Goodstein showed some Strange New Respect to this particular powerful religious figure, whose general distrust of money-making and nationalism must resonate with liberal Times' staffers. Certainly more than the philosophy of Francis's predecessor, Pope Benedict XVI, whom the Times treated with disdain.
Those who have known Francis, both before and after he became pope, say the reasons for his absence have everything to do with his distinctive identity. He is a Latin American critical of the United States’ economic and political hegemony, a Jesuit of Italian ancestry who looks more to Europe than to North America, a Spanish speaker who is not all that comfortable speaking English, and a pastor who disdains “airport bishops” -- his term for prelates who spend more time jetting around the globe than serving in their dioceses.
He is not opposed to all America represents. But he is troubled by privileged people and nations that consume more than their share and turn their backs on the vulnerable. The message he will probably deliver when he comes, they say, is that the United States has been blessed with great gifts, but that from those to whom much is given, much is expected.
That's the point where a conservative would point out that in a free market system those "gifts" are actually earned, not passively divvied by a higher body, as in a socialist or communist regime. Of course, no such inconvenient figures appear in Goodstein's report, only representatives of the Catholic hard-left.
“I think what he criticizes in the U.S. is the absolute freedom and autonomy of the market,” said the Rev. Juan Carlos Scannone, a professor emeritus of philosophy at Colegio Máximo, a prominent Jesuit college near Buenos Aires. He taught the young Jorge Mario Bergoglio, who would become Francis, as a seminarian and became a friend. “We should admire the U.S.’s democracy and the well-being of its people, but what Bergoglio would criticize is the consumerism: that everything is geared toward consumerism.”
Francis has long been troubled by what some Argentines of his generation call “savage capitalism.” They see the United States as the home of mining companies and agribusinesses that chew up natural resources, as the military power that propped up dictators during the Cold War and as the neighbor that tries to close its border to migrants fleeing hunger and violence.
Goodstein quoted Rev. Richard Ryscavage of Fairfield University who invited us to see Pope Francis “in the context of many Latin Americans who see the United States as really a problem, not actually a positive force in the world.”
He has also frequently denounced a global economic system that values “profit at any price,” and a colonialist structure that “reduces poor countries to mere providers of raw material and cheap labor” -- a critique widely interpreted to include the United States.
Goodstein devoted precisely two words to the Pope's socially conservative stances:
And many Americans relate to Francis. In a poll conducted last month by the Public Religion Research Institute, two-thirds had a favorable view of him.

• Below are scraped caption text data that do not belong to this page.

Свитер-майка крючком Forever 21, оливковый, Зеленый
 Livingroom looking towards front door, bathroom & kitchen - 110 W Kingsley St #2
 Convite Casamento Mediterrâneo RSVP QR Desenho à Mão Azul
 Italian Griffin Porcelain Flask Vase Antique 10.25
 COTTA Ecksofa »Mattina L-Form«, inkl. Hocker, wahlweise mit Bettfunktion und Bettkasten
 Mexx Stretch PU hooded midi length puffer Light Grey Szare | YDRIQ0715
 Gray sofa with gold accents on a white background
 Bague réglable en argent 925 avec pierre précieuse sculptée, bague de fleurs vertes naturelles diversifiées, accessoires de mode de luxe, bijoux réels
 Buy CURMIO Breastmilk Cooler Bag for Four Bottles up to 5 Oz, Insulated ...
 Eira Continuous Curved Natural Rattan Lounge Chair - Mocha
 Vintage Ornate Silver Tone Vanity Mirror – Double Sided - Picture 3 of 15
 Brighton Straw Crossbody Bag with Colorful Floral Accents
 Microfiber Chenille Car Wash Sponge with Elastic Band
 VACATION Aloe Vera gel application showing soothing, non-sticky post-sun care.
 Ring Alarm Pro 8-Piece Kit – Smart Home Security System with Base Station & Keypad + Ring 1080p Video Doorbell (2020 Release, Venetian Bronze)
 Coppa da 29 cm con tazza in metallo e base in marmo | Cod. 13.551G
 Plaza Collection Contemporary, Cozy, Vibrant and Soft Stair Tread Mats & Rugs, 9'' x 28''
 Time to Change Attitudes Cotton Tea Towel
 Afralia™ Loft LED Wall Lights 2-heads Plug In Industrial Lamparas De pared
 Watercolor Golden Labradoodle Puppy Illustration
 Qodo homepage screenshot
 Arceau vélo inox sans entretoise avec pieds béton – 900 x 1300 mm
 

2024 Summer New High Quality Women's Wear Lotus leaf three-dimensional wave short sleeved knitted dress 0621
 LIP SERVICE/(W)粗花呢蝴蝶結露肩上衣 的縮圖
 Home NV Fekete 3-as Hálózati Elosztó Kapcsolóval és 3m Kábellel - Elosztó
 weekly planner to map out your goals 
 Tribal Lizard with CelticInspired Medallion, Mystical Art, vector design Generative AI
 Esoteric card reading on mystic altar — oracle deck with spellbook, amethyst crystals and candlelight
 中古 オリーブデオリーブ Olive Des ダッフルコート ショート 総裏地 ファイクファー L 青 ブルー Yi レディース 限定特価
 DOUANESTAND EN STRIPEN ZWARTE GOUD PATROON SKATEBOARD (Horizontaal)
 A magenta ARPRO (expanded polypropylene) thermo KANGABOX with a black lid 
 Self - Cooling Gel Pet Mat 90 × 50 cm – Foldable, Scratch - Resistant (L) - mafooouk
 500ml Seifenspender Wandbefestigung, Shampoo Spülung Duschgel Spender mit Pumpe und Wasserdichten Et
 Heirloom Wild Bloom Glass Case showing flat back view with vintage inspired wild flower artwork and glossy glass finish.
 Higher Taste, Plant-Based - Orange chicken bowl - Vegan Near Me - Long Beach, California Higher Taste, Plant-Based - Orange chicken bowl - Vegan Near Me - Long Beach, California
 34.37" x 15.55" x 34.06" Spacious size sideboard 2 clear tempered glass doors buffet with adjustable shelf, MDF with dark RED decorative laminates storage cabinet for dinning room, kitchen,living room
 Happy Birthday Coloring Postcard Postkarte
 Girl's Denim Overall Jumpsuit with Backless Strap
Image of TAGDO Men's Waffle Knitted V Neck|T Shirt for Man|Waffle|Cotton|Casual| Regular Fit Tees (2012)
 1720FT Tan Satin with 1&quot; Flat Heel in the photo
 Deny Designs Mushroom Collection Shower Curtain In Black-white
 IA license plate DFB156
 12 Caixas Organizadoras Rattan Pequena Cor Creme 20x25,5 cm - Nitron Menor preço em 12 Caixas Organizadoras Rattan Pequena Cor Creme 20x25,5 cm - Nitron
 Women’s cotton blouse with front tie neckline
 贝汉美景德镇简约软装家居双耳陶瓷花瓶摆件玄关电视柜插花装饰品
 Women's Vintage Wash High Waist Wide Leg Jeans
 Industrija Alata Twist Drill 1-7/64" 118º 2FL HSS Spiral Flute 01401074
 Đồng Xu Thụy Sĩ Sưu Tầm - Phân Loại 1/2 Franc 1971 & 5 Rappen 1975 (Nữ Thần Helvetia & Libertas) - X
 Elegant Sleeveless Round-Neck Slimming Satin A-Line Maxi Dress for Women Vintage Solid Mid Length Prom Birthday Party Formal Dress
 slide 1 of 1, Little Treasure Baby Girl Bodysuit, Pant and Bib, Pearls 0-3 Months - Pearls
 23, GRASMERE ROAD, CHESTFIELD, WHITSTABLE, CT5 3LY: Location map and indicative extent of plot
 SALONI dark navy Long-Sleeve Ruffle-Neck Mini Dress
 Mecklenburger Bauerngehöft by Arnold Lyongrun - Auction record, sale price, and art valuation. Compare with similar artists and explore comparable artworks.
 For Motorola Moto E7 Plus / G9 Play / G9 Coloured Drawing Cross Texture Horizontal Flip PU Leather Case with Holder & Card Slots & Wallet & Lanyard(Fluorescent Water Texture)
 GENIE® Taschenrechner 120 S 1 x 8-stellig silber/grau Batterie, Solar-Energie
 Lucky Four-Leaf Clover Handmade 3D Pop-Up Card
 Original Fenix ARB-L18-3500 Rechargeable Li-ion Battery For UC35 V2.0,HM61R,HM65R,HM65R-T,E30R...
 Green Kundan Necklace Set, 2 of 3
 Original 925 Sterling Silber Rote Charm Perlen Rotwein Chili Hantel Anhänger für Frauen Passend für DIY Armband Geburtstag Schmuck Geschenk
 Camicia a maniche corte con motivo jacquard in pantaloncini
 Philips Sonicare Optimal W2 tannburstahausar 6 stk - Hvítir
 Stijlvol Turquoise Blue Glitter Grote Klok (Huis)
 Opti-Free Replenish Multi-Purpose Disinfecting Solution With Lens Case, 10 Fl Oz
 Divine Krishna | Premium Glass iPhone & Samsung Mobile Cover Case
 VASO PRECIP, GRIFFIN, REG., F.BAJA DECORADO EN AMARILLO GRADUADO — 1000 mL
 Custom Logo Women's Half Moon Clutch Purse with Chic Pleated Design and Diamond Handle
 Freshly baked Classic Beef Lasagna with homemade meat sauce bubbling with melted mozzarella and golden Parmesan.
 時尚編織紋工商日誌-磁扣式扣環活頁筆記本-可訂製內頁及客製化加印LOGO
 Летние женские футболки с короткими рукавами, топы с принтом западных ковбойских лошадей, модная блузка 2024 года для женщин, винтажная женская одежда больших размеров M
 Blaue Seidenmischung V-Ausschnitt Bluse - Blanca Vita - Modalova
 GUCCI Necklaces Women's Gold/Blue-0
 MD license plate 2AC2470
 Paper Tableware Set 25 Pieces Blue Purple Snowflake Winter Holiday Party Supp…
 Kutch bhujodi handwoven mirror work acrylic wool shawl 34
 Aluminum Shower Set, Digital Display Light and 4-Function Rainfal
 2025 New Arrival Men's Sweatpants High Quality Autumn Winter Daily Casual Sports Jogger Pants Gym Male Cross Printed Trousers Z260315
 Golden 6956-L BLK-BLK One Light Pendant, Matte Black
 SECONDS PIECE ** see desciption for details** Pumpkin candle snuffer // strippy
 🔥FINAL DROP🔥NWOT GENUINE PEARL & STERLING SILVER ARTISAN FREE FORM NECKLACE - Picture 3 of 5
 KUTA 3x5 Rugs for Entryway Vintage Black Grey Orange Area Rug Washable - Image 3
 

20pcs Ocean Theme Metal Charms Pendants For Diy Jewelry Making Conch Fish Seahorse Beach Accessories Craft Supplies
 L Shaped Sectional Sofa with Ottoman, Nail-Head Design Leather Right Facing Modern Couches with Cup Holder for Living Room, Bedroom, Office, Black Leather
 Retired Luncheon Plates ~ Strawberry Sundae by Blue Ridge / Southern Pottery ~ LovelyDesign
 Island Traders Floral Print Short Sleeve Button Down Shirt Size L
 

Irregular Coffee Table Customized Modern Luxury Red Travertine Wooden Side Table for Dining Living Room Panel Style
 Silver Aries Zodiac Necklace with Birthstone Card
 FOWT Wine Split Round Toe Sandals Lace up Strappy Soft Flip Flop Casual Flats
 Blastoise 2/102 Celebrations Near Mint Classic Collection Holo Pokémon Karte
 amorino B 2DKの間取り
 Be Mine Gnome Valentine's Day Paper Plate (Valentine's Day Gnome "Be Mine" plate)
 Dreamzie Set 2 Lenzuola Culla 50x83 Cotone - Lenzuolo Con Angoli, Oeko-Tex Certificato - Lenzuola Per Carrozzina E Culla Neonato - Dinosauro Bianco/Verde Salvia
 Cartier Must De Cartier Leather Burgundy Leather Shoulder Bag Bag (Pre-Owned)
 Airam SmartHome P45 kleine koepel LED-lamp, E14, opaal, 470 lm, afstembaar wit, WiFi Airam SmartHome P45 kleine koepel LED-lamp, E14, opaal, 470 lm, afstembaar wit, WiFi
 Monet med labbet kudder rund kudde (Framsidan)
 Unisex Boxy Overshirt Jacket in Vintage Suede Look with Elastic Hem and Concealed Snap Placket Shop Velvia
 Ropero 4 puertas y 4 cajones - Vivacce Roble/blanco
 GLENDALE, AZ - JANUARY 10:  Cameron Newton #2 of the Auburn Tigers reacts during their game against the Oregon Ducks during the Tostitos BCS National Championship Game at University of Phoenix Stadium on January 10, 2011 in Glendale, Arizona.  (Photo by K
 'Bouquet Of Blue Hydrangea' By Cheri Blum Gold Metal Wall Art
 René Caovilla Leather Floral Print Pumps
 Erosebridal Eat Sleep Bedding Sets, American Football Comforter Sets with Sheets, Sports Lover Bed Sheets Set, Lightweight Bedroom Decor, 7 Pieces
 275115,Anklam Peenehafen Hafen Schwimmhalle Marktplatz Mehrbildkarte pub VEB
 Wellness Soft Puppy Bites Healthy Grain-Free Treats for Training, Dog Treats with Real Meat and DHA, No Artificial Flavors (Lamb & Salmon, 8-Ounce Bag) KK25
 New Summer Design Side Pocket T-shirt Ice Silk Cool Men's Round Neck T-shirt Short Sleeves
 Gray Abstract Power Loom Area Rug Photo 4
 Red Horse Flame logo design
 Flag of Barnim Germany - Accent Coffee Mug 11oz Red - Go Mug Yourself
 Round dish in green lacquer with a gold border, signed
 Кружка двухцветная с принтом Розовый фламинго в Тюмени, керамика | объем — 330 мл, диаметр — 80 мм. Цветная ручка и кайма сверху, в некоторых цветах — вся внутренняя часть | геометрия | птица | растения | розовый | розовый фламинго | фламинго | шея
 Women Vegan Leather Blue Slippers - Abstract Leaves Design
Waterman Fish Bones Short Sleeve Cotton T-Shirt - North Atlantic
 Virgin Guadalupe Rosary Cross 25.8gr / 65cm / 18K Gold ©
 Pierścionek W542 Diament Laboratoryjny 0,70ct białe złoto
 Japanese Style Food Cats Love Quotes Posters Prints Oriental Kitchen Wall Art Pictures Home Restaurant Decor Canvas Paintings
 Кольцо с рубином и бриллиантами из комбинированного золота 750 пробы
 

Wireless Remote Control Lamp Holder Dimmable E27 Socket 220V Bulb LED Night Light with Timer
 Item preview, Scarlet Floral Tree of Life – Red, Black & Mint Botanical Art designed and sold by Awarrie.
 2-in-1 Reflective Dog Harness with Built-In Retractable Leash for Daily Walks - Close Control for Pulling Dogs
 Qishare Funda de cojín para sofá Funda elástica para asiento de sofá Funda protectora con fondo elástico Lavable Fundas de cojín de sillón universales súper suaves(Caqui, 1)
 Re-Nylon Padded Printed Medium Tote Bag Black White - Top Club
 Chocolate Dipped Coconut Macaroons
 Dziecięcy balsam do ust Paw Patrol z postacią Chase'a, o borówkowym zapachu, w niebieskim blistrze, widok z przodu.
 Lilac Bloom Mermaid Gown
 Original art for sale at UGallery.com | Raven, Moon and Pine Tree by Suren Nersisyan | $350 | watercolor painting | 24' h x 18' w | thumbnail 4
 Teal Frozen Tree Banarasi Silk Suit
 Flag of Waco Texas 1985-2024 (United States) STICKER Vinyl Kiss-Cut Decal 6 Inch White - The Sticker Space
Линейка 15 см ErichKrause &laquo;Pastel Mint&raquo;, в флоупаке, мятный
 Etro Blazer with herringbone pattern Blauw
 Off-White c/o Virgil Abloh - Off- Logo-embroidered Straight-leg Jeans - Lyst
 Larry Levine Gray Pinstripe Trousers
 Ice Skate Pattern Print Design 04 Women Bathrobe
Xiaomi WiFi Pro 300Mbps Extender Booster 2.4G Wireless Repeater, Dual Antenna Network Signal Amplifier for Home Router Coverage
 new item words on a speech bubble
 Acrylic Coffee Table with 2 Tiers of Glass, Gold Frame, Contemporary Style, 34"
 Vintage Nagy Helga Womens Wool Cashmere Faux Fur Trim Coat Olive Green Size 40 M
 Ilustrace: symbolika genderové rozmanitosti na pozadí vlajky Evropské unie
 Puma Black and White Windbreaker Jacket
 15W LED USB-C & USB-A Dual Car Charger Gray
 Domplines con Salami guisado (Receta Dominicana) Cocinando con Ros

Polls also reveal, however, that he has work to do to persuade Catholics to adopt his views on combating climate change, ending abortion and welcoming immigrants.
....
But for a pope who speaks through his gestures, his itinerary in the United States conveys his message. After Francis addresses a joint meeting of Congress in Washington on Sept. 24, he will be driven directly to a lunch with homeless, mentally ill and immigrant clients of Catholic Charities, which will be held under tents set up on a street. Instead of lunching with legislators in the halls of power, he will break bread with the poor.